I personally believe that Ozzie made a mistake. He’s made several in his career as a manager while with the Chicago White Sox. This is, without a doubt, the worst mistake he’s made, especially with the large Latin and Cuban influence felt in Miami and Southern Florida. But he recognizes the mistake more than anyone. His apology is sincere, and he correctly left the team and returned to Miami to do a press conference– he’s done everything right to fix what he’s done.
He stated the quote was taken out of context, which is true. Even though many people believe he blatantly came out and said “I love Castro” to the interviewer, and although that is exactly how the article starts out, it’s simply not what he meant to say. It came out wrong. His excuses are valid, I will not argue them one bit. But he realizes that excuses won’t fix everything, and is correctly taking full responsibility. He says he’s going to everything in his power to make this right. There is nothing more he could do to fix this situation. Comments like this hit home hard, as you can imagine. People don’t need to reminded of the past. I’m not Cuban; I will never feel the pain felt by the Cubans during Castro’s reign over the country that’s just about 230 miles South of Miami. Whether you want to call me qualified or not to comment on the matter is your choice.

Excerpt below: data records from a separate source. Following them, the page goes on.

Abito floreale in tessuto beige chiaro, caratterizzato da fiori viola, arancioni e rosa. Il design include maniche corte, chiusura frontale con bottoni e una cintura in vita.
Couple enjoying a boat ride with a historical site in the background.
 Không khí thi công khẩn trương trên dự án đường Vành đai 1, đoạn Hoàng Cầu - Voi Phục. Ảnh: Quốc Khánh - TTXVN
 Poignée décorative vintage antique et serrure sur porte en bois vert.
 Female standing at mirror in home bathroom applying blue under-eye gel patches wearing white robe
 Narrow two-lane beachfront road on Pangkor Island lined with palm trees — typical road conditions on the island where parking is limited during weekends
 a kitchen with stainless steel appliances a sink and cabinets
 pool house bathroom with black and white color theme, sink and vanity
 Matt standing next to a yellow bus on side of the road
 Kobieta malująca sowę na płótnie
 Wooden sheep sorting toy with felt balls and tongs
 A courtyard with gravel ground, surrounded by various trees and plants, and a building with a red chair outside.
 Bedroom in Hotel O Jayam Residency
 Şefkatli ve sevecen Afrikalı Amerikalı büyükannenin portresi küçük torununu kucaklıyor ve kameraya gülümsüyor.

I’ll continue to say his comments were taken out of context. It’s a legitimate fact. Journalists do it on a daily basis, sometimes not purposefully, but most of the time to get page views and notice from the public and other media outlets. Sean Gregory, the man who interviewed Guillen for TIME, should be apologizing for what he did to blow this out of water, whether to Guillen and the Marlins, or to just to TIME’s and his own sake. I personally argue TIME Magazine’s credibility as a news source at this point in time, as it wasn’t what it was doing 20 years ago. But I’m not here to attack TIME itself, but you can just see where this all leads up to when you have a person like Gregory writing. I mean, he took Ozzie’s comments and threw in the “Oh, by the way, he didn’t really mean to say he loved Castro” part in the third paragraph of his article. The third paragraph. Ozzie should’ve thought twice before commenting on the matter, and how even saying “I love Fidel Castro” could be taken out of context- from any media outlet at any time. I think that SCWS at Marlins Daily brings up a great point about the article written by Gregory, and I believe it’s worth your time to read it.
Regardless of Ozzie’s apologies to the Cuban community, the fact the quote is taken out of context, and everything else, Ozzie is doing the correct thing by apologizing and taking responsibility, and I can’t say that enough in this article and in real life. I feel the five-game suspension is right. Is it too much? Absolutely not. Too little? Maybe, but so many people believe that the team comes first, as well as that the First Amendment of the United States Constitution comes into play, and that Ozzie has a right to say what he wants, when he wants. Although an employer has the right to do what they please about a situation of such manner, Ozzie has exercised one of his rights as an American citizen, a reason why people come to this country. To the people who say he should be fired- that’s going too far, it’s way too extreme. We’ve all made mistakes in our life, and many of us don’t have the integrity to admit to a mistake or address it on our own terms. Ozzie is the manager of a professional baseball team, I know; it’s a situation he couldn’t avoid anyways. But I do feel he’s going as far as he can to make this right, and he’s assured of us of it.